Sophy Romvari’s latest short It’s What Each Person Needs is a stunning analysis of the foundations of identity. Her usual magical weaving of fact and fiction is especially potent in this film as she shapes an intimate portrait of her subject, actor Becca Willow Moss, into a larger statement on our public and private selves. Although much seems to be revealed in the film, one is left to ponder significant questions about the reality of knowing any person.
The details provided are sparse but telling. Moss engages in a series of phone calls to two very different sets of clients. There are the lonely men who crave female companionship, and there are the elderly who require kindness and sometimes a nostalgic old song.

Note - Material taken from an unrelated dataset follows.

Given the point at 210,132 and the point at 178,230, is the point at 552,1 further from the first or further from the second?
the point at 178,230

At the same time, Romvari intersperses extreme close ups of Moss’s hands.
The common thread here is the desire for a connection, but the irony is that they can only attain it through technology. On one side, there’s the internet and on the other, the antiquated phone call. No matter the method, there is no direct contact.
It’s What Each Person Needs shows a woman at her most playfully provocative self who then transforms into a good girl persona who, in this case, takes care of multiple grandparent figures. Which one is the actual person?
Romvari’s evocative style is once again key to this revealing study. It keeps us actively debating the film’s documentary nature versus its poetic license. It would seem that her strategy involving tight close-ups would result in a narrowly focused work but with her editing strategy functioning more like a collage that develops in time, Romvari is able to create a more profound, wide-ranging effect.
Once again, Romvari brilliantly shows us that a simple cinematic approach can reverberate with endless possibilities. In Its What Every Person Needs, Romvari’s signature eye for detail speaks volumes: even the smallest of gestures take on a greater significance.
Coupled with her ingenious command of cinematic language, Romvari creates a transcendent film. In It’s What Each Person Needs, Romvari’s apparently straightforward depiction of this person shifts ever so effortlessly into a deeper understanding of the character’s innermost essence.